Paintings lead to a whole new world
The first book in The Books of Elsewhere series has a tall order to fill: publicity materials compare author Jacqueline West to Roald Dahl and Neil Gaiman. Luckily for readers, The Shadows does not disappoint. In her first book for young readers, West—who is also a poet—introduces a spooky, magical world that will captivate middle schoolers.
Olive Dunwoody, a shy and curious child, moves with her “dippy” mathematician parents into a Victorian mansion. Olive soon learns that they’re not alone in the dusty, antique-filled house. With talking cats as her guides, Olive discovers that she can travel through paintings on the walls, as long as she’s wearing a certain pair of glasses. But the paintings hold a dangerous, life-or-death secret, and it’s up to Olive to figure out the mystery.

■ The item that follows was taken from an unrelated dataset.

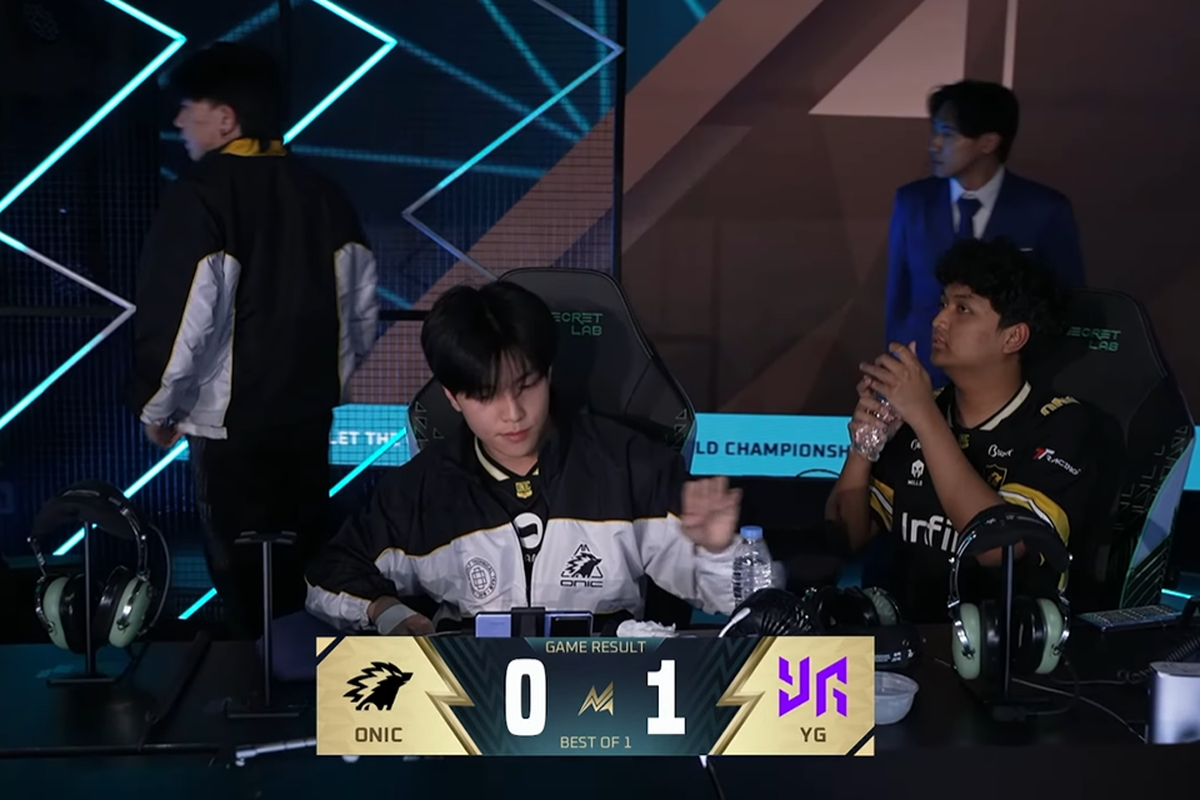 Onic Esports, Alter Ego Esports, e-sports, Mobile Legends, jadwal M7 World Championship, Jadwal M7 Mobile Legends Hari Ini, Kesempatan Alter Ego Balaskan Dendam Onic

In an interview with BookPage, West elaborates on why she likes writing for kids, her preferred type of superpower and what to expect in the second book of the series.
You have mentioned your interest in magic—talking cats, paintings as portals to another world. What sort of magical adventure would you like to go on; is there a power you’d like to have?
Back when I thought I might be a superhero when I grew up, I wanted to be a shape-shifter. Actually, I’d still like to be one. I know this is sort of like wishing for more wishes, because it’s one power that would come with all kinds of other powers: flying, breathing underwater, running at incredible speeds. But I’m greedy that way. I’d like to see the world from all different points of view, to experience life as a whole slew of people and animals and objects. Of course, this is the same reason I wanted to be a writer.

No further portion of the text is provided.